Eu, quero-te mais que ninguém...

Não percebes o que te destinaram a ser...
Minha Princesa da Fortuna,
Tenho tanto medo de te perder...
Safa-te, pede-me ajuda...

O problema é que estás desesperada,
E eu quero-te ajudar, mas não sei se posso,
Sou apenas um rapaz que gosta de blues e manteiga salgada...

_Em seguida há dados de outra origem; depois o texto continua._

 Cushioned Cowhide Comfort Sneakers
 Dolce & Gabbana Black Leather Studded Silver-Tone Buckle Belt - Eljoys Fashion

Princesa da Fortuna, Princesa da Beleza...
Queima-me esse teu cabelo louro...
Ofusca-me esse teu sorriso d´ouro...
Vem cá, deixa-me ajudar-te na tristeza...

terça-feira, 1 de novembro de 2011

"Mary Anne, Parte I"

Conheço uma história antiga,
Duma menina mendiga,
Que também outras pessoas conhecem...
Embora o fim, todas elas desconheçam...

Tinha-se perdido da família quando era menina,
E ninguém a procurou desde então...
Perdeu-se no frio da neblina,
E agora a única coisa que a mantêm quentinha,
É o seu coração...         

Mary Anne era o nome que lhe tinham baptizado,
E também a única coisa que se lembrava desde pequena...
Longe da realidade, não acena,
Mantém seu carácter abençoado

Era uma mendiga vestida como um palhaço,
Que pedia esmola num beco escuro...
Num dia chuvoso parou lá um ricaço,
Atirando a sua moeda mais pequena com um sorriso...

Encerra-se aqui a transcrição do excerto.